Son yıllarda sektörde gündemde olan önemli bir konu var: Süt fiyatları! Ulusal Süt Konseyi'nin tavsiye ettiği 14 lira 65 kuruşluk çiğ süt fiyatı, üreticiler için adeta bir can pazarlığı. Mevcut ekonomik şartlar ve enflasyon göz önüne alındığında bu fiyatın ne kadar yetersiz olduğu aşikâr.
Girdi maliyetlerinin fırladığı bir ortamda, üreticilerimiz sadece var olmak için mücadele ediyor. Artan yem, mazot, elektrik ve işçilik masrafları karşısında, 14 lira 65 kuruşluk fiyat, neredeyse tüm maliyetleri karşılamaya bile yetmiyor. Kar payı ise yok denecek kadar az. Bu durum, süt üreticilerimizi adeta çıkmaz sokağa sürüklüyor.

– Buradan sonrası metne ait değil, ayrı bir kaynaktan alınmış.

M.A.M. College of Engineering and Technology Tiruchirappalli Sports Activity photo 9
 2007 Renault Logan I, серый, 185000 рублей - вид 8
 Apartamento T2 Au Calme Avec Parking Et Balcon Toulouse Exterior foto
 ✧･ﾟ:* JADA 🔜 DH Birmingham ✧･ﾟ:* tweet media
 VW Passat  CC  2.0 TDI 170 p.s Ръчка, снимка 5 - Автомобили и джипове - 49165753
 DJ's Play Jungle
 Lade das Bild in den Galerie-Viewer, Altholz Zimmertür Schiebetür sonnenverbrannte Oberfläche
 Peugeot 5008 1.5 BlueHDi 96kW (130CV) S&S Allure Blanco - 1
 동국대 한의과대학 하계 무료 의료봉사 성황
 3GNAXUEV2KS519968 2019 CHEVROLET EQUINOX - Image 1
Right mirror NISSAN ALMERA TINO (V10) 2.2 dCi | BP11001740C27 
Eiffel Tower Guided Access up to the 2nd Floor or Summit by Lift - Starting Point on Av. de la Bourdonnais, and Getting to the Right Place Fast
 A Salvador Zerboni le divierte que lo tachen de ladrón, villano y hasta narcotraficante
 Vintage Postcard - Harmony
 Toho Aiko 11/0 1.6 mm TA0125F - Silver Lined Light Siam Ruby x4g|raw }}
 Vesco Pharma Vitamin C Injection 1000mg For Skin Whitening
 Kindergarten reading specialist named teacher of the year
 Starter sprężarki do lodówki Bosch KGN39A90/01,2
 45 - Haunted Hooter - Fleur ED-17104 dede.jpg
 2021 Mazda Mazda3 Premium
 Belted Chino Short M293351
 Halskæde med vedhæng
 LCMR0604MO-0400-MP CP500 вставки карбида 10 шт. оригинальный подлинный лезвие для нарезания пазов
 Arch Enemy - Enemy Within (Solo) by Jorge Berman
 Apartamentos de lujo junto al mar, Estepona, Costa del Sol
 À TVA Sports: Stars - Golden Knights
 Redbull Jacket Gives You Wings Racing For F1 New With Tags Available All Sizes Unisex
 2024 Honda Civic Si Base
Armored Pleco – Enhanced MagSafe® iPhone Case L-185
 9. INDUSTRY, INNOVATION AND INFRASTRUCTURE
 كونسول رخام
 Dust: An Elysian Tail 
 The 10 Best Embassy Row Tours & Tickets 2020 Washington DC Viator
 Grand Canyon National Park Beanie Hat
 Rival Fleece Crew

Süt Anneleri Birer Birer Kayboluyor
Yetersiz fiyatlar, sütçülüğün belkemiğini oluşturan süt annelerini de yok ediyor. Birer birer işletmelerini kapatmak zorunda kalan üreticilerimiz, hayvancılıktan el çekiyor. Bu durum, sadece üreticilerimizi değil, ülke hayvancılığını da tehdit ediyor. Süt üretiminde yaşanacak bir gerileme, sofralarımıza da yansıyacak ve süt ürünlerine erişimde sıkıntılar yaşayacağız.
Unutmayalım, Süt Üreticisi Olmadan Süt Üretimi Mümkün Değil!
Hem süt üretiminin hem de hayvancılığın devam etmesi için üreticilerimizin para kazanması ve geçimlerini sağlayabilmesi gerekiyor. 14 lira 65 kuruşluk fiyat, bu konuda kesinlikle yeterli değil. Tarım ve Orman Bakanlığının, üreticilerimizin sesini duyması ve acil bir çözüm üretmesi gerekiyor.
Sadece Fiyat Değil, Destek de Yetersiz!
Süt üreticilerine verilen 50 kuruşluk prim desteği ise bir alaydan öte bir şey değil. Bu miktar, girdi maliyetlerinin yanında devede kulaktır. Üretilen çiğ sütün çay kadar mı değeri yoktur? Çaya yapılan zam varda çiğ süt prim desteğine neden güncelleme yoktur! Süt desteklerinin enflasyon rakamları üzerinden güncellenmesi ve üreticilerimize gerçek bir destek sağlanması üretim ve sağlıklı nesillerin yetişmesi için şarttır.
Haydi, Hep Birlikte Sesimizi Yükseltelim!
Süt üreticilerimiz, bu zorlu süreçte yalnız değildir. Bizler, tüketiciler olarak da onlara destek olmalıyız. Üreticilerimizden aldığımız süt ürünlerinin değerini bilmeli ve onları zor durumda bırakmamalıyız.
Unutmayalım, süt anneleri olmadan sofralarımıza süt ve süt ürünleri gelmez. Haydi, hep birlikte sesimizi yükseltelim ve yetkililerden üreticilerimiz için acil bir çözüm talep edelim. Hayvancılığımızın ve süt üretiminin devamı ve gelecek nesillerimiz olan çocuklarımız için bu bir mecburiyettir!
Yoksa son bekçilerimiz olan üreticilerde olmayacak!